The impact of the restatement is as follows:
- Cumulative earnings reduction of $343 million from 2001-2006
- Earnings reduction in 2001 and 2002, and earnings increase in 2003-2005
- Earnings increase of $130 million in 2006, adding $.01 to full year
EPS. Only 1Q-3Q affected, with no impact on 4Q
- Slightly positive effect on earnings over the next 10+ years (life of
program impact of the adjustment = zero)
- No effect on CFOA or liquidity
Highlights of Preliminary Full-Year and Fourth-Quarter 2006 Results
(Prior Periods Restated):
Full-Year earnings from continuing operations were a record $20.7
billion, up 11% from $18.7 billion in 2005. EPS from continuing
operations were $1.99, up 13% from last year’s
$1.76. Four of GE’s six businesses
contributed double-digit earnings growth for the year.
Full-year continuing revenues grew 10% to a record $163.4
billion. Industrial sales rose 10% to $99.1 billion, reflecting core
growth and the net effects of acquisitions. Financial services revenues
grew 11% over last year to $63.6 billion, reflecting core growth and the
net effects of acquisitions.
Fourth-quarter earnings from continuing operations were $6.6
billion, up 12% from $5.9 billion in fourth quarter 2005. EPS from
continuing operations were $.64 per share, up 14% from last year’s
$.56. Four of GE’s six businesses contributed
double-digit earnings growth.
Fourth-quarter continuing revenues were $44.6 billion, up 11%
from $40.3 billion in fourth quarter 2005. Industrial sales increased 6%
to $27.1 billion, primarily reflecting core growth. Financial services
revenues grew 16% over last year to $17.1 billion, reflecting core
growth and the effects of acquisitions.
Cash generated from GE’s operating
activities in 2006 totaled $24.6 billion, up 14% from $21.6 billion last
year, reflecting a $2.0 billion increase in GE Capital Services’
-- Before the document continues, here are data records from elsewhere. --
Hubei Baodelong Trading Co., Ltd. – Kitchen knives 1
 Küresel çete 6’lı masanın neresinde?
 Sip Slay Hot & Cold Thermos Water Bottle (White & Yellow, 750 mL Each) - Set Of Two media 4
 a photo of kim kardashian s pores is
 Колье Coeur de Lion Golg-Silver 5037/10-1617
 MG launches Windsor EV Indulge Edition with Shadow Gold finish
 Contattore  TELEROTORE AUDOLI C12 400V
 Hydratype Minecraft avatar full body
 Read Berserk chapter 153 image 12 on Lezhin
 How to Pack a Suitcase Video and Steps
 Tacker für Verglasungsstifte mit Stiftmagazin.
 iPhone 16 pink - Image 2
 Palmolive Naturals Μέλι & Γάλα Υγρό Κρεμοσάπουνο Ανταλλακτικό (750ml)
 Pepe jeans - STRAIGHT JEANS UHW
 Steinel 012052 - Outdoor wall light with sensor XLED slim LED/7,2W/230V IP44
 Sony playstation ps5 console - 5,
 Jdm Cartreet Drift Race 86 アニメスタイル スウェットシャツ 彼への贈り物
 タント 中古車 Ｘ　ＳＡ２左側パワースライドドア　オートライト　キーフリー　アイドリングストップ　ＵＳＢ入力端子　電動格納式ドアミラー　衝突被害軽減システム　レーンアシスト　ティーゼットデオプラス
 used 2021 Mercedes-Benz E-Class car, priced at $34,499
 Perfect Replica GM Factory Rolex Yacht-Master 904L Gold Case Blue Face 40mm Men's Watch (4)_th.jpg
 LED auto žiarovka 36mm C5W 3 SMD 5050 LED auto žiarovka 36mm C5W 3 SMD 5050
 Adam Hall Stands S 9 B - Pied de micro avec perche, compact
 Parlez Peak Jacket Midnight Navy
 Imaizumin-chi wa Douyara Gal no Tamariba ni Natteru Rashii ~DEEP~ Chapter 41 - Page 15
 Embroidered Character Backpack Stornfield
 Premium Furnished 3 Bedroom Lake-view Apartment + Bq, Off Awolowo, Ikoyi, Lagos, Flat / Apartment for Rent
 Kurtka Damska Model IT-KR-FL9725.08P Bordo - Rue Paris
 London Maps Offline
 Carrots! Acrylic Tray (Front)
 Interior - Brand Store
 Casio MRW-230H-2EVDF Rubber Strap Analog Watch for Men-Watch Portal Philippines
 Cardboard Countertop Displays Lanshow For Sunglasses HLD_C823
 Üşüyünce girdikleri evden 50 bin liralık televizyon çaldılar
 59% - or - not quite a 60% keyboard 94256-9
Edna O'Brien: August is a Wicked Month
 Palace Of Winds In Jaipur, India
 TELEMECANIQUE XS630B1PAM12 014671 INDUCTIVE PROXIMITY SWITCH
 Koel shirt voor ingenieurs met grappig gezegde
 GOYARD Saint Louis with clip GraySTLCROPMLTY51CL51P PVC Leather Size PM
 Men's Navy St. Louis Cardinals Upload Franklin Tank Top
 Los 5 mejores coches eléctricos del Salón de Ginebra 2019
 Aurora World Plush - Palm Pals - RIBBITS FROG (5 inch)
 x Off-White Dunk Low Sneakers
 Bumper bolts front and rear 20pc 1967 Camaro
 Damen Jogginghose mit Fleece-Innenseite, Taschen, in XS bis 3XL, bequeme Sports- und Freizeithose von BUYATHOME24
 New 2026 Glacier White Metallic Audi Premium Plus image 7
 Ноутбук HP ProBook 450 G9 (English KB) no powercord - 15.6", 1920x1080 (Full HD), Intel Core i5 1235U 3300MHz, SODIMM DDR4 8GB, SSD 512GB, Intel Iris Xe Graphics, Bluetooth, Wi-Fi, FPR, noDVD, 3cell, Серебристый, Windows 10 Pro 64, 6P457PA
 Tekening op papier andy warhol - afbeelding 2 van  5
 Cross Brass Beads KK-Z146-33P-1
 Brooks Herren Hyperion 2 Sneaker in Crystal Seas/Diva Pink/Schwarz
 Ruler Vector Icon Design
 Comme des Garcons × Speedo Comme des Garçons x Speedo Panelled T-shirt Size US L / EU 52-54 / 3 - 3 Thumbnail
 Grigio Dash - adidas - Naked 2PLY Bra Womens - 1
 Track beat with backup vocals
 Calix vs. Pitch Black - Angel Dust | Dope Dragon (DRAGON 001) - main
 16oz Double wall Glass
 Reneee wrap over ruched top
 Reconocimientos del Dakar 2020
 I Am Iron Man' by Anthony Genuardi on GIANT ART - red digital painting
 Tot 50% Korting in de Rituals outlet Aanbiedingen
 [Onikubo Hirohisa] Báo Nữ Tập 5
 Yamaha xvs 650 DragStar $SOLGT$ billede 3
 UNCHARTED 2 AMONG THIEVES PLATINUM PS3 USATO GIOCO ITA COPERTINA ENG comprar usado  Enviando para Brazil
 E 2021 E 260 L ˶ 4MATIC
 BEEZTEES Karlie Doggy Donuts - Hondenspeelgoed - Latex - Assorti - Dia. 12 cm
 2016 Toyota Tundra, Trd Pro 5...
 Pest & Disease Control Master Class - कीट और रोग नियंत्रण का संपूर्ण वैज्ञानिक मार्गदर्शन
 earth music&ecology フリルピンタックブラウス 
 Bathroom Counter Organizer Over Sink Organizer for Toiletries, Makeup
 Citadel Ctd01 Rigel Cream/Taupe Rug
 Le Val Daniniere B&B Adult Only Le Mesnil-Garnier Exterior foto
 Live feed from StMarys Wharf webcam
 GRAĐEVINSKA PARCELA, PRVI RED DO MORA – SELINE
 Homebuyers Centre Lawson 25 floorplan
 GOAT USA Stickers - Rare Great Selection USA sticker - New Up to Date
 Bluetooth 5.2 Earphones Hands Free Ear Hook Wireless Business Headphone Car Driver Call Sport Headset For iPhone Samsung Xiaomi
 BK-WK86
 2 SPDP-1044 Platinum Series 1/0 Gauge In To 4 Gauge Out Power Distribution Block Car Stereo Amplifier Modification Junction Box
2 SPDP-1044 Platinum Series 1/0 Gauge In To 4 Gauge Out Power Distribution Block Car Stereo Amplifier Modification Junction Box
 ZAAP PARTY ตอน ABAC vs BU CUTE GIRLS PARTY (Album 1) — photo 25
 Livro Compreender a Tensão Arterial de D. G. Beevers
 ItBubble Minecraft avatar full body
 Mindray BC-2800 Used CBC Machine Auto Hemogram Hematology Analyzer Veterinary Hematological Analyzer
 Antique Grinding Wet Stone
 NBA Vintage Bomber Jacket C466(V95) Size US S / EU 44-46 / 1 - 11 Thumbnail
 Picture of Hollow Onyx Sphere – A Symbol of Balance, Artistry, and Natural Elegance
dividends, substantially all of which was proceeds from sales of
insurance businesses, and a 7% increase from the Industrial businesses.
Discontinued Operations for the fourth quarter was a $3 million
loss, which reflected the results of the sale of GE Life late in the
quarter, and final adjustments to the June sale of Insurance Solutions.
Accordingly, fourth-quarter net earnings were $6.6 billion ($.64 per
share) in 2006 and $3.2 billion ($.30 per share) in 2005. For the year,
earnings from discontinued operations were $0.2 billion in 2006 compared
with a loss of $1.9 billion in 2005. Accordingly, total year net
earnings were $20.8 billion ($2.00 per share) in 2006 and $16.7 billion
($1.57 per share) in 2005.
2007 Outlook
“Looking ahead, the global environment
remains positive for GE. Our businesses are positioned to capitalize on
the drivers of the global economy – demand
for infrastructure around the world, growth in emerging markets,
favorable demographics, environmentally favorable technology, increasing
use of digital connections, and robust liquidity in the financial
markets,” Immelt said.
“We begin 2007 with a stronger set of
businesses, our key financial metrics heading in the right direction and
a cash position that gives us tremendous flexibility,”
Immelt said. “We see full-year 2007 EPS from
continuing operations of $2.18-2.23, an increase of 10-12% over
comparable 2006 earnings. For 1Q’07, we
expect to achieve EPS of $.43-.45, up 8-13%. Furthermore, we believe
that our strategic moves position GE for sustained growth in the future.”
GE will discuss preliminary fourth-quarter and full-year results on a
conference call and Webcast at 8:30 a.m. ET today. Call information is
available at www.ge.com/investor,
and related charts will be posted there prior to the call.